Gov. Paul LePage declined to get involved in Rep. Bruce Poliquin’s latest legal request, but not without getting in another dig at a ranked-choice voting process he views as “repugnant.” Meanwhile, attorneys for Poliquin and Maine Secretary of State Matthew Dunlap sparred over whether Dunlap exceeded his authority by certifying Democrat Jared Golden as the winner of Maine’s 2nd District race without LePage’s signature. “Under the U.S. Constitution, it is now up to the United States House of Representatives to determine, when it convenes on January 3, 2019, whether to seat Jared Golden, who is the undisputed winner of the ranked-choice voting tabulation under the RCV Act and thus the Representative-elect for Maine’s Second Congressional District,” Assistant Attorney General Phyllis Gardiner wrote on Dunlap’s behalf.
In a brief filed late Wednesday with the 1st U.S. Circuit Court of Appeals, the governor’s attorney said LePage “does not take any position” on Poliquin’s attempt to prevent the state from certifying Golden as the winner while the court hears his constitutional challenge of ranked-choice voting.

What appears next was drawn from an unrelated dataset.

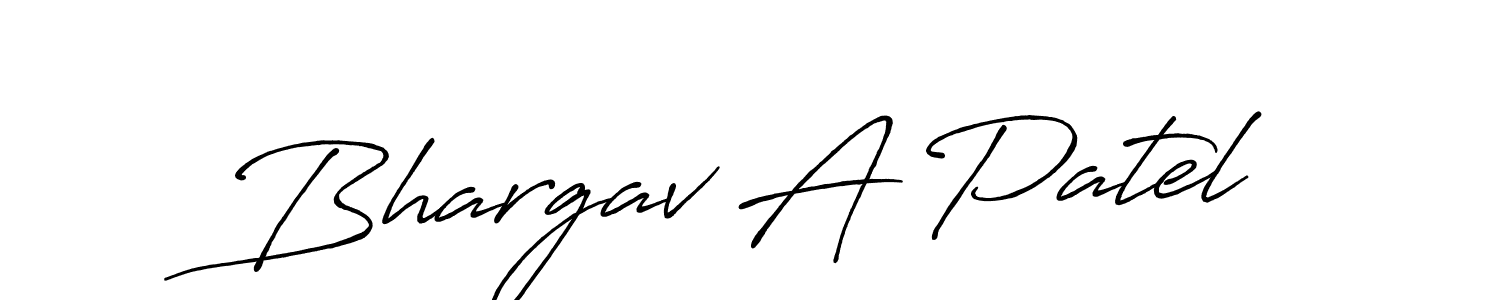 Make a beautiful signature design for name Bhargav A Patel. With this signature (Antro_Vectra_Bolder) style, you can create a handwritten signature for free. Bhargav A Patel signature style 7 images and pictures png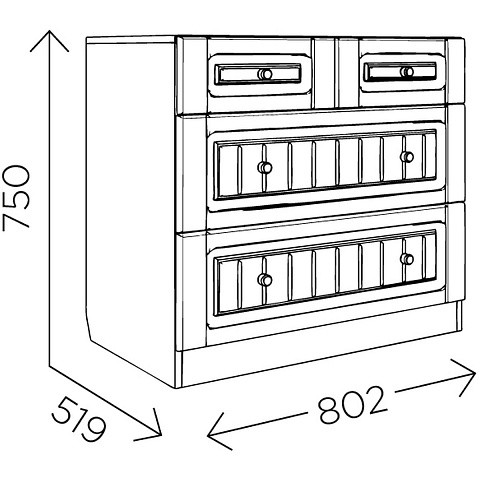 Комод «Богуслава» М7, дуб баррик/крем брюле. Фото 2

“The Governor notes, however, that he does disagree with the Secretary of State on the merits of this challenge, and reiterates the points made in his letter to the district court,” attorney Patrick Strawbridge wrote. “It is the Governor’s view that this process is repugnant to the governing legal principles that each person’s vote be counted in every election, as well as the constitutional guarantees of due process and equal protection.”